Sorry if I nudged you to change your stack!! Good that it worked out though. I do wonder if Amazon API gateway supports compression...?

Overall I would be inclined not to include this PR, following again the general philosophy that Transiter should not be doing things that are the responsibility of the reverse proxy. In this case specifically, supporting this adds another direct dependency and it's always nice to minimize those. Of course if you were still blocked on this that would be a different story.

This PR does make me wonder if the Docker compose file in this root of the repo should include a reverse proxy (maybe just Caddy)? Would be nice for documentation purposes.

cedarbaum commented 1 year ago

Sorry if I nudged you to change your stack!! Good that it worked out though. I do wonder if Amazon API gateway supports compression...?
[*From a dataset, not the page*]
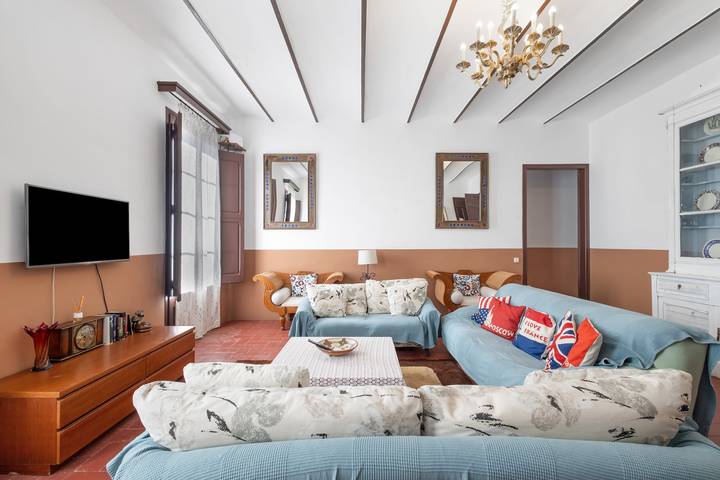 Casa rural 'Masa La Bomba' con vistas al mar, Wi-Fi y aire acondicionado in Teyá, Costa del Maresme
No worries! It was long overdue and my new setup is much simpler and I think will end up being cheaper as well.

I believe API gateway does support compression if setup as a REST API, but I was using it as an HTTP endpoint, which has much more limited functionality out of the box. I am sure there is a way to get it working, but I couldn't figure it out unfortunately.

Overall I would be inclined not to include this PR, following again the general philosophy that Transiter should not be doing things that are the responsibility of the reverse proxy. In this case specifically, supporting this adds another direct dependency and it's always nice to minimize those. Of course if you were still blocked on this that would be a different story.

Makes sense, thanks for the consideration and feedback!